The room busts into laughter. I do, too. Alice smiles, wide and bright like the big sister of my childhood, and she stands a little straighter. She paces across the stage, easy, like she belongs up there. When the spotlight catches the waves in her hair, she looks exactly like Mom.

“I spent some time recently at a treatment center, which usually makes people feel sorry for me. But maybe we’re not the crazy ones.” She stops midstage and taps her finger on her head. “Three meals a day and all the craft glue and glitter you can eat? Sign me up!”
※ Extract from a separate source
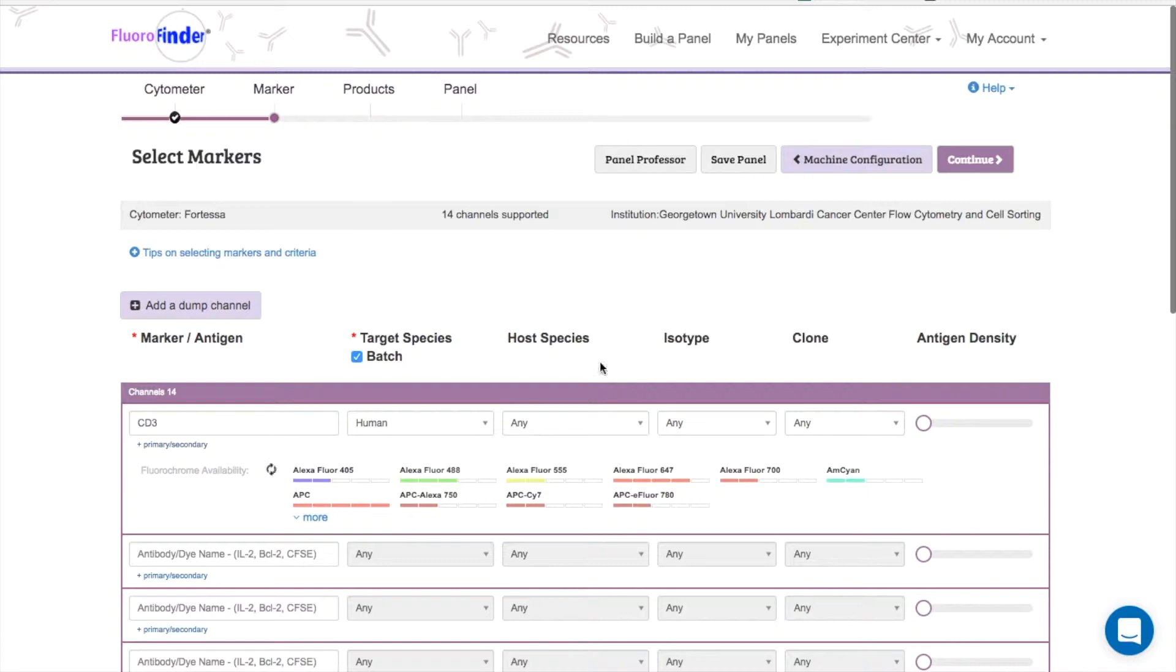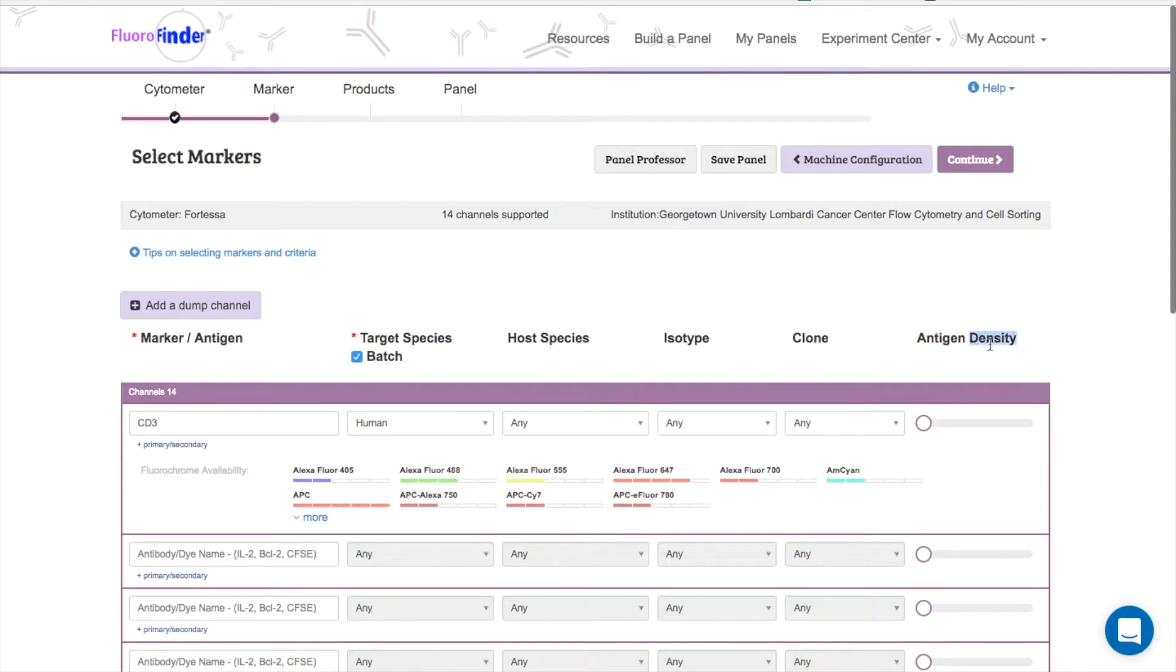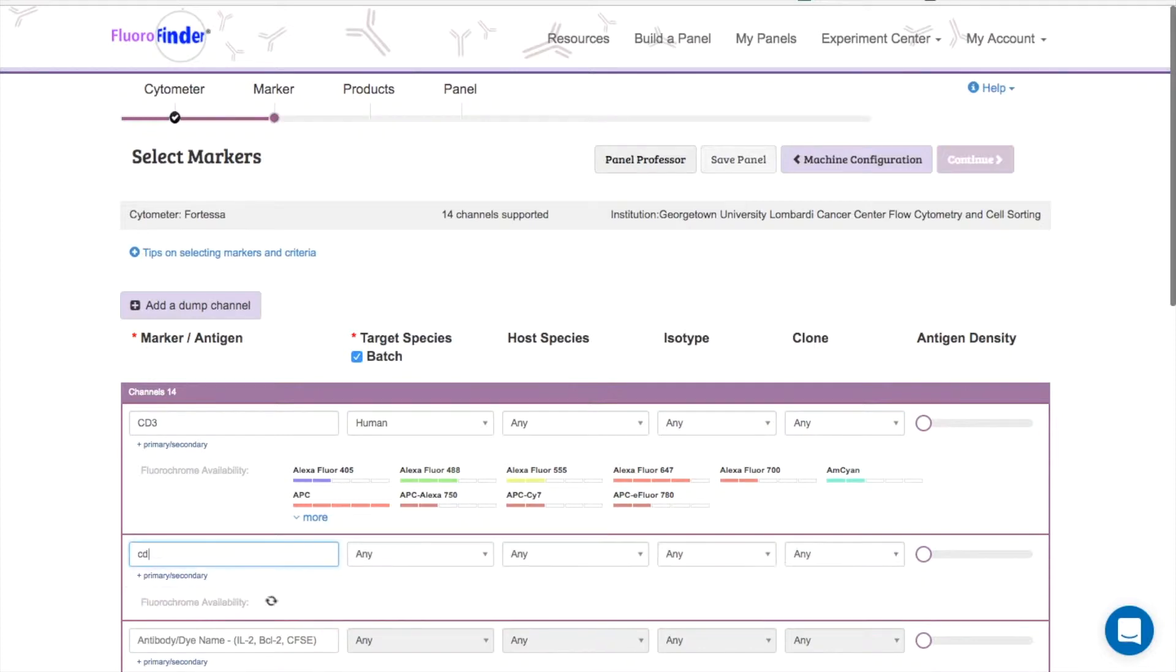You can use these other fields to select host, clone, and isotype, but keep in mind that these options will limit the number of products you will see on the next step. This is especially true if you use the antigen density slider. This will limit your results based on their relative brightness.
She’s incredible. Working the room like so much clay in her hands. Micah looks at me, eyebrows raised like What do you think? I shake my head to say I can’t believe it.

“And you want to feel like the best stand-up comedian in the world? Give your show in front of a bunch of girls hopped up on happy pills. Instant. Ego. Boost. I mean, really, there’s a lot of great things about being bipolar. Like one time, my boyfriend said, ‘We’re breaking up. I don’t love you anymore.’ ” And I said, ‘Wait ten minutes. I’ll change!’ ”

The guy behind us laughs so hard, water comes out his nose.

“On a more serious note,” Alice says, lowering her voice. “Mental illness affects one out of four Americans. So think of your three closest friends. You picturing them? Now, if they all seem stable, I hate to tell you this—” She holds the mic close, breathing into it ominously. “You’re. The. One.”

She waves to the audience. “Thank you all. You’ve been great.”

The crowd claps wildly as she steps down. The girl at the table squees and side-hugs her. Part of me is jealous of the girl, hugging my sister. But another part, a much bigger part, is mesmerized.

Because for the first time in forever, Alice is…Alice.


We end up driving home together, thanks to some tricky carpool maneuvering by Micah. As I’m getting into her car, I whisper to him, “It’s not going to work.”

He feigns innocence. “I have zero idea what you’re talking about.”

“She does not want to talk with me about this.”

“Then don’t talk about this,” he says. “Just talk.”

In the car, the Alice from the stage has vaporized into the universe, her laugh bouncing somewhere along the Milky Way, her jokes sucked into a black hole. At a stoplight, she turns toward me, her face tight.

“Why did you come?”

“Micah brought me.”

“Look. You’re hanging out with Micah, fine. But I don’t need you coming into my world. Into the one place where I can be myself.”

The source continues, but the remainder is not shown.